Business like Impossible Foods and Beyond Meat that are making vegetable-based meat substitutes have recorded the imagination and wallets of customers, but so far, there’s been no real corollary for the seafood market.
Now, a startup coming from Y Combinator’s summertime associate, Kuleana
, is hoping it can swim in those waters. While brand-new services like Wild Type, Finless Foods and Shiok Meats are all developing cell-based options to utilizing live tuna, salmon and shrimp, and Great Catch and Ocean Hugger are proposing their own tuna replacements, Kuleana intends to separate itself by duplicating sushi-grade raw tuna.
And that’s only the start, according to Kuleana co-founder and president, Jacek Prus. Eventually, the business wishes to be making vegetarian alternatives to tuna, salmon and more fish and shellfish.
“Nobody has really done raw tuna very well yet,” says Prus. “We’re going to do raw tuna and then most likely salmon.”

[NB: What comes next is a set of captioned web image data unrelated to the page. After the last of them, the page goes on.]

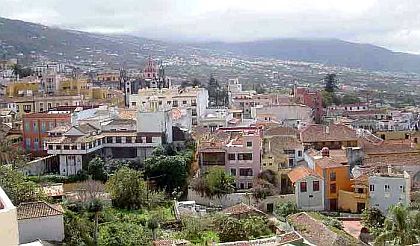 Azoteas, Spanish shindels, perhaps penthouses in La Orotava.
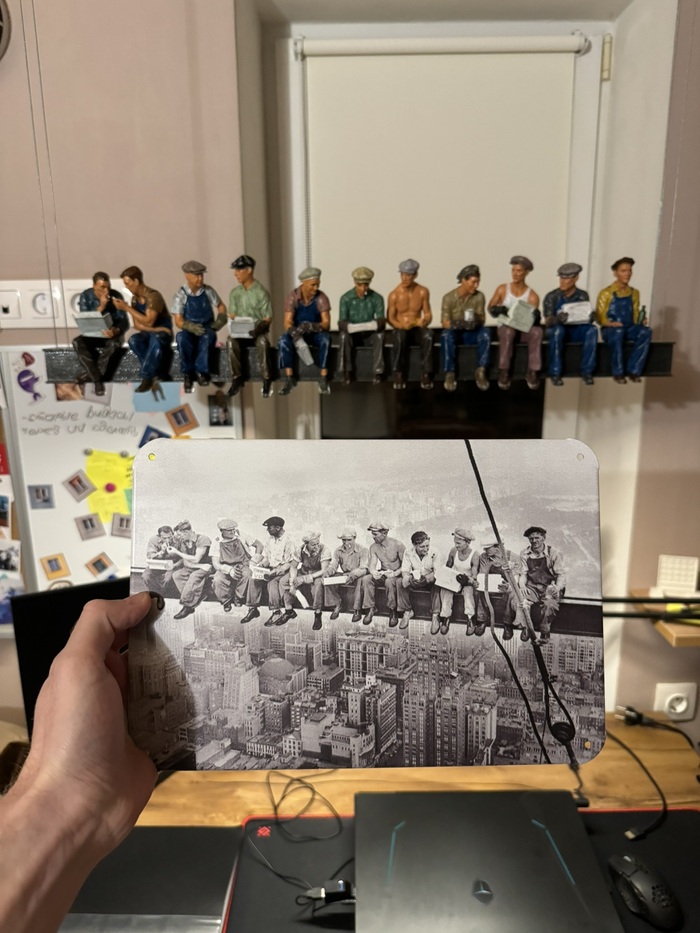 ночник "Обед на небоскребе"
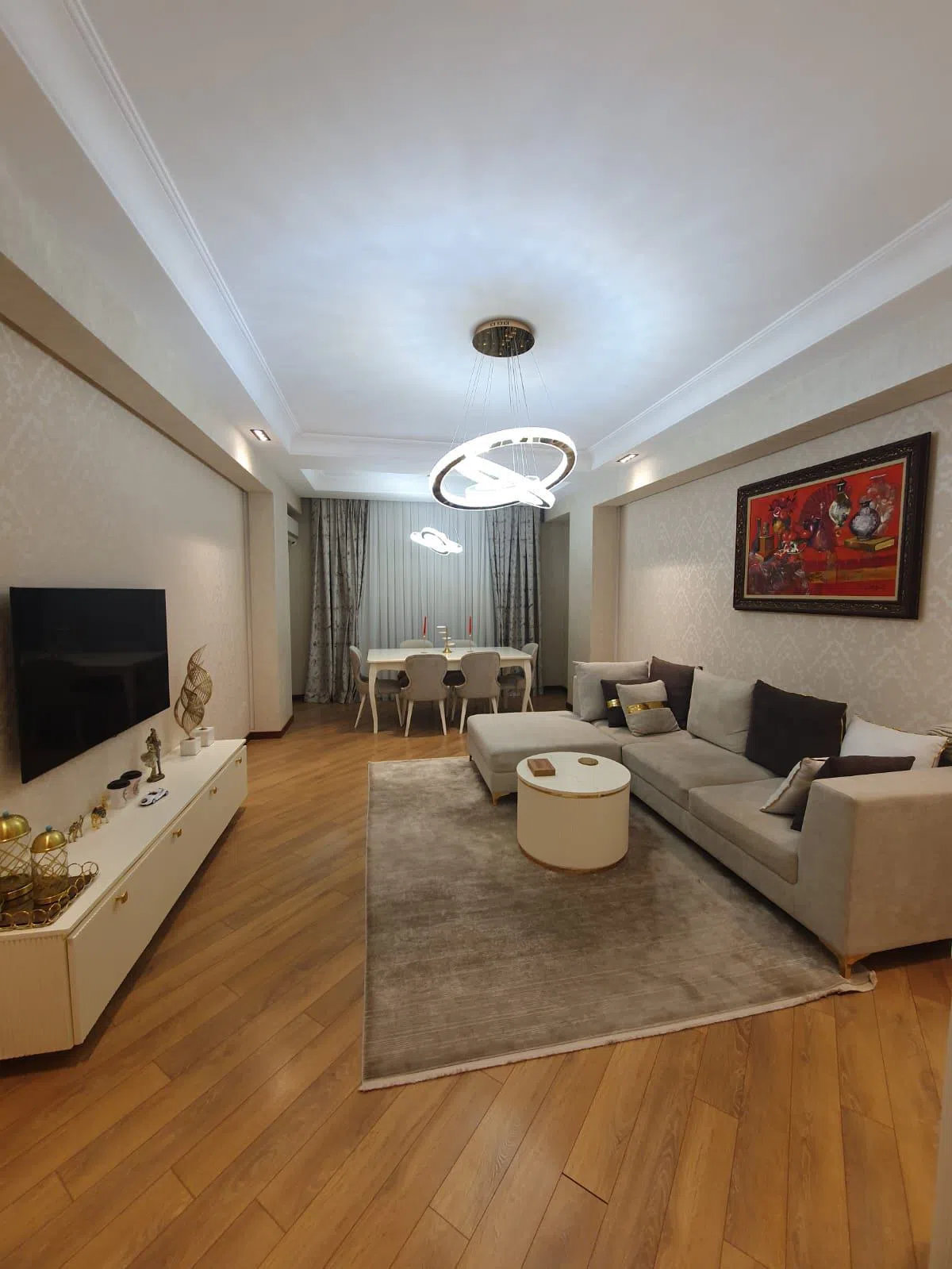 4 otaqlı mənzil 130 m² satılır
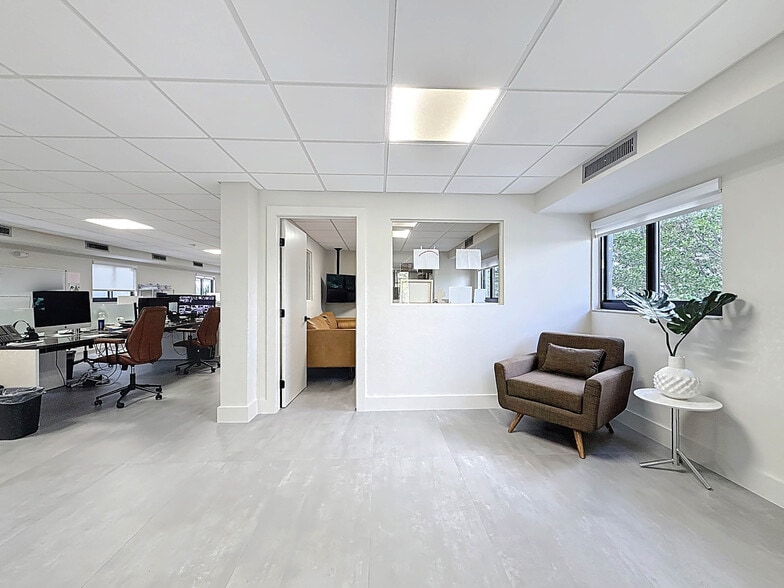 More Photos Of 232 SW 8th St, Miami Medical For Sale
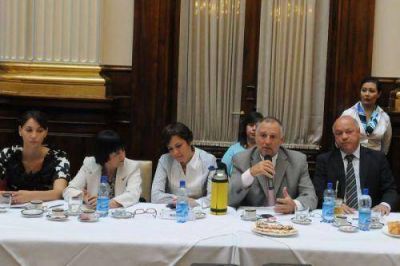 Diputados analizaron pol�ticas de salud para un trabajo conjunto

Prus ended up being interested in the food industry after taking an animal ethics class at the University of Texas at Austin. After 5 years in the city, Prus transferred to Europe and assisted set up the ProVeg International incubator.
It was there that Prus got in touch with Ron Shigeta, a long time scientist, technologist and business owner in the food science space who previously worked as the chief science officer at IndieBio. Shigeta put Prus in touch with the Barcelona-based food science scientist Sonia Hurtado and the 3 introduced Kuleana (Shigeta has actually given that left the business).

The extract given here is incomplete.